Long-tail search Queries are here to Stay: what that means for SEO | CMS Teaching

Search queries posted by users today can no longer be weighed in terms of the keywords and keyword phrases they contain. Formerly, SEO concentrated on short phrases because that’s what users keyed in to find when they want, but that is now changing. People are using longer queries in search, and search marketers need to change their strategies accordingly.

Shift towards long-tail search queries

Just like all marketing trends including internet marketing, there isn’t a single reason for the change in user search behavior. It comes as a result of a combination of many factors and it didn’t happen all at once. By understanding the context and background of longer search queries, you’ll be able to prepare better for the changes in search patterns.


A few factors include the following:

Improvement in semantic search capability

Naturally, the way Google interprets user queries has changed over time, driving a change in user search behavior. In the beginning, search queries were broken down to their fundamental constituents or keywords. The algorithm then searched for those keywords exactly as they appeared in sites on the web. The sites that had the highest matching for the search phrases would appear at the top.

Now, Google uses the ‘semantic search’ approach, which interprets the intention behind user queries and then tries to find the sites that will be suitable for fulfilling that intention. Due to this, users have found that traditional, short-tail keyword research is ineffective at producing relevant results compared to longer queries.
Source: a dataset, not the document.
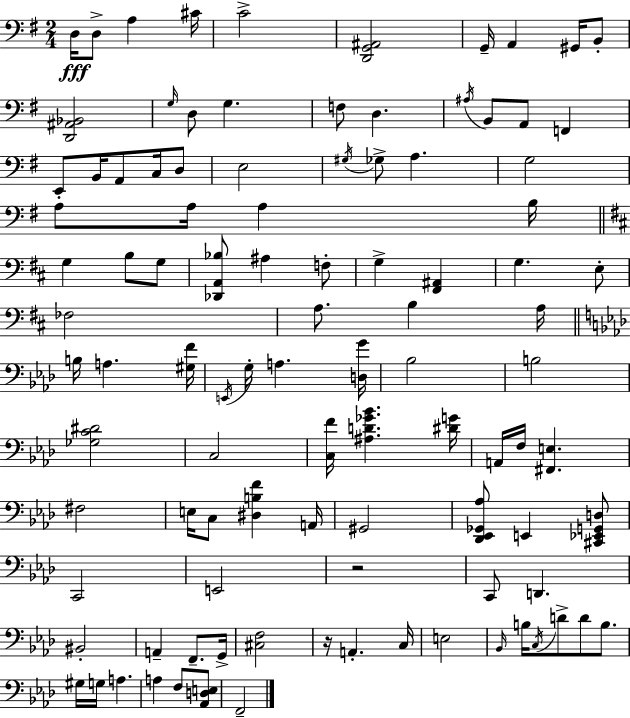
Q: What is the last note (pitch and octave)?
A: F2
Users are now using full, specific questions rather than general topics.

Information availability

There’s exponentially more information available on the web today than there was just a few years ago and it grows exponentially with each passing day. Users therefore need longer and more specific queries in order to draw out the most relevant information from a sea of information.

The simple, ambiguous and generic searches previously used would likely bring out the same general information such as Wikipedia entries or homepages of major brands relating to the field searched for. Longer queries result in information that is more useful.

Voice search and mobile search

On average, most people don’t like to type. Before today, typing was the main way to submit search queries and users went with the minimalist scheme. The rise of mobile devices increased the headache for typing queries wince the field of view is smaller and letters are much too close together. Autocorrect, while useful in some instances can make life more difficult sometimes.

Alternatively, there are personal assistants like Siri from Apple who have made voice searches possible. People can now use informal and conversational language in their search queries since they don’t have to type it out. This brings out sentence-like structures in search queries.

How businesses must respond

Now that you know why the trend is here, as a business owner, you must take action to ensure your sites remain relevant. Like all other SEO strategies, it will take time before you see the effects of these strategies, but eventually you will see effective results if you respond consistently.

  1. Get rid of keyword-based strategies

Stop stuffing keywords in your titles, Meta descriptions and other content thinking that this will help you rank for relevant queries. Keyword matching is no longer part of Google’s ranking algorithm. Even if it was, user queries are so long that it would matter every little now. To add to that, over-stuffing keywords can earn you’re a manual or Panda penalty now. Therefore, move from the strategy of trying to gain high rankings for a specific list of short-tail keywords.

  1. Long-tail optimization

In lieu of the above, embrace the potential and effectiveness of long-tail keywords, which are not words, but rather extended phrases and topics. Because of their nature, you may not be able to optimize by including them verbatim in your content.

Instead, create content geared towards addressing the user queries found within long-tail keywords and like search queries. Also, re-organize your content in order to ensure Google understands the purpose and intention of all your site pages, especially your landing pages.

  1. Find your topics within your niche

Being much longer, user queries are now more specific and targeted to help then navigate a huge sea of content. To remain relevant, you also need to be specific: ensure you have described your areas of expertise very specifically. In addition, all your content should address very specific questions in detail.

Broad and generic content is likely to be lost in the sea of information. In addition, by being specific, you will attract very specific users who are more likely to convert since they are at an advanced stage of the buying process. By fully addressing their question, you should provide all the information they need to make the final decision and go through with a purchase.


SEO is always evolving – Google churns out updates to increase its capabilities and users subsequently adapt to the abilities of the new algorithms. For businesses that want to remain relevant, there is no choice but to reengineer their internet marketing strategies to take full advantage of the changes in behavior.